Enfin, le décret dit « Sunshine Act », publié le 21 mai dernier après un important travail de concertation, permet désormais de clarifier les liens entre l'industrie et les professionnels de santé. Ce dispositif garantit la plus grande transparence possible dans l'état actuel de la loi. En effet, tout avantage d'une valeur supérieure ou égale à 10 euros sera rendu public. Ce seuil est le plus bas qui soit compatible avec la rédaction de la loi du 29 décembre 2011, comme l'a précisé le Conseil d'État. J'avais marqué ma préférence pour un seuil d'un euro, car j'estimais que tout avantage, aussi minime soit-il, méritait d'être rendu public. Mais le texte de la loi votée ne le permet pas et je le regrette. Par ailleurs, la publication des informations sera centralisée dans les meilleurs délais sur un site Internet unique. Dans l'attente de sa mise en place, ces informations seront publiées sur le site Internet des ordres professionnels concernés et sur ceux des entreprises, à partir du 1er octobre.
Dans cette bataille pour la transparence, il nous faudra encore franchir de nouvelles étapes : je pense notamment que le champ de la disposition pourrait être élargi, par exemple, aux organismes qui certifient les dispositifs médicaux. J'ai également à l'esprit le niveau du seuil visé à l'article 2.
La quatrième priorité est celle de l'accès à l'information, enjeu qui concerne aussi bien les professionnels de santé que les patients. Une large base de données sur le médicament est en train d'être créée. Une première version sera accessible à tous, dès le mois d'octobre. Elle permettra d'avoir un site unique, officiel, gratuit, exhaustif et indépendant. Cette version sera la première pierre d'un service public d'information en santé qui doit être lancé ensuite, au-delà du seul domaine du médicament.
La cinquième priorité, c'est de nous assurer du bon usage des médicaments.
Dans ce domaine, notre pays a progressé, même si nous restons dans le peloton de tête des grands consommateurs de médicaments.
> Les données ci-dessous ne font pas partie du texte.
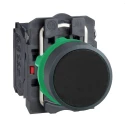 Schneider Electric Harmony XB5 Series Panel Mount Push Button Switch Black LED SPDT Slow Break 22 mm Cutout IP66 XB5AA25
Un mot sur la vente sur Internet des médicaments : comme l'imposaient la loi et les textes européens, nous l'avons autorisée, par l'ordonnance du 19 décembre 2012. Néanmoins, les médicaments ne sont pas des produits comme les autres. Il est du devoir des pouvoirs publics de garantir la sécurité de la chaîne d'approvisionnement, notamment pour combattre la contrefaçon. Il est aussi essentiel de ne pas encourager la surconsommation de médicaments. Voilà pourquoi le choix a été fait d'encadrer la vente sur Internet en mettant en place des garde-fous. Par exemple, les médicaments sous ordonnance n'y seront pas accessibles. Par ailleurs, seuls les sites Internet qui sont adossés à une pharmacie « physique » pourront vendre en ligne : les patients pourront ainsi se rendre dans une officine et échanger avec un pharmacien, si besoin. C'est également pourquoi le Gouvernement ne s'engagera pas dans l'ouverture partielle du monopole officinal, comme le suggère l'Autorité de la concurrence.
La dernière priorité vise à donner un souffle nouveau à la démocratie sanitaire. La participation des citoyens aux instances de santé est primordiale pour garantir la confiance. L'ANSM permet désormais à des représentants de patients et d'usagers d'intégrer ses instances de gouvernance, ainsi que ses groupes de travail. Je me réjouis de cette décision et je souhaite que ce mouvement se prolonge dans l'ensemble de nos instances de santé.
La réforme engagée en 2011 est une première étape importante, mais elle reste incomplète. Il nous revient ainsi de poursuivre les chantiers engagés, en centrant notre action sur le bon usage des médicaments, sur leur sécurisation, par la simplification de la pharmacovigilance et par la mise en place d'une surveillance de l'utilisation des médicaments. J'ai ainsi diligenté une mission, afin que soient étudiés les moyens d'analyser en continu les pratiques collectives de prescription. Enfin, le chantier de la sécurité des dispositifs médicaux doit être ouvert. Tous ces enjeux seront au coeur de la prochaine loi de santé publique : il nous appartient donc d'y travailler tous ensemble.